Problem details ▸ Under no circumstances alter the records; copy each one exactly.

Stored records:
|---|

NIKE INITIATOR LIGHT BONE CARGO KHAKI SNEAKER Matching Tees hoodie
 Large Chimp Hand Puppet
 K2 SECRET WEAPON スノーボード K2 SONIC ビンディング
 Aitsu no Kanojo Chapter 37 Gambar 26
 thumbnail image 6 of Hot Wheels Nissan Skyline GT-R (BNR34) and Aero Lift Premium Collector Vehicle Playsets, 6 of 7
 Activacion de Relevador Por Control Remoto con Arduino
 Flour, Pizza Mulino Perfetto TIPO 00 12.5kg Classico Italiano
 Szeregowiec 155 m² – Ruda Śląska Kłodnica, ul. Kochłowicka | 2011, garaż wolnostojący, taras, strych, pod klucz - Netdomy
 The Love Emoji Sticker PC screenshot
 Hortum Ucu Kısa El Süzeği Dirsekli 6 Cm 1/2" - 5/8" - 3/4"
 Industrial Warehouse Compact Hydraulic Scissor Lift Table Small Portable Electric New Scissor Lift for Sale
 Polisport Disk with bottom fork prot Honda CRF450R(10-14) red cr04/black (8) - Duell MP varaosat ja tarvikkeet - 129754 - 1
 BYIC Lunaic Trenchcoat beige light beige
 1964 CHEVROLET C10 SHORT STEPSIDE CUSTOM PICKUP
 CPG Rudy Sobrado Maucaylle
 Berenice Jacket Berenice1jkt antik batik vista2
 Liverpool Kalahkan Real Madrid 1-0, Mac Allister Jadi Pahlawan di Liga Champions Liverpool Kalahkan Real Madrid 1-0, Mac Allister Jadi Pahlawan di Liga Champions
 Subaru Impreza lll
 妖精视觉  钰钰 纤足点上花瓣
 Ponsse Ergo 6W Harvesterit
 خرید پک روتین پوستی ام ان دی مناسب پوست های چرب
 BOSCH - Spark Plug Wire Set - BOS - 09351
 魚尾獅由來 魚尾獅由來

|---|

Solution ▸
NIKE INITIATOR LIGHT BONE CARGO KHAKI SNEAKER Matching Tees hoodie
 Large Chimp Hand Puppet
 K2 SECRET WEAPON スノーボード K2 SONIC ビンディング
 Aitsu no Kanojo Chapter 37 Gambar 26
 thumbnail image 6 of Hot Wheels Nissan Skyline GT-R (BNR34) and Aero Lift Premium Collector Vehicle Playsets, 6 of 7
 Activacion de Relevador Por Control Remoto con Arduino
 Flour, Pizza Mulino Perfetto TIPO 00 12.5kg Classico Italiano
 Szeregowiec 155 m² – Ruda Śląska Kłodnica, ul. Kochłowicka | 2011, garaż wolnostojący, taras, strych, pod klucz - Netdomy
 The Love Emoji Sticker PC screenshot
 Hortum Ucu Kısa El Süzeği Dirsekli 6 Cm 1/2" - 5/8" - 3/4"
 Industrial Warehouse Compact Hydraulic Scissor Lift Table Small Portable Electric New Scissor Lift for Sale
 Polisport Disk with bottom fork prot Honda CRF450R(10-14) red cr04/black (8) - Duell MP varaosat ja tarvikkeet - 129754 - 1
 BYIC Lunaic Trenchcoat beige light beige
 1964 CHEVROLET C10 SHORT STEPSIDE CUSTOM PICKUP
 CPG Rudy Sobrado Maucaylle
 Berenice Jacket Berenice1jkt antik batik vista2
 Liverpool Kalahkan Real Madrid 1-0, Mac Allister Jadi Pahlawan di Liga Champions Liverpool Kalahkan Real Madrid 1-0, Mac Allister Jadi Pahlawan di Liga Champions
 Subaru Impreza lll
 妖精视觉  钰钰 纤足点上花瓣
 Ponsse Ergo 6W Harvesterit
 خرید پک روتین پوستی ام ان دی مناسب پوست های چرب
 BOSCH - Spark Plug Wire Set - BOS - 09351
 魚尾獅由來 魚尾獅由來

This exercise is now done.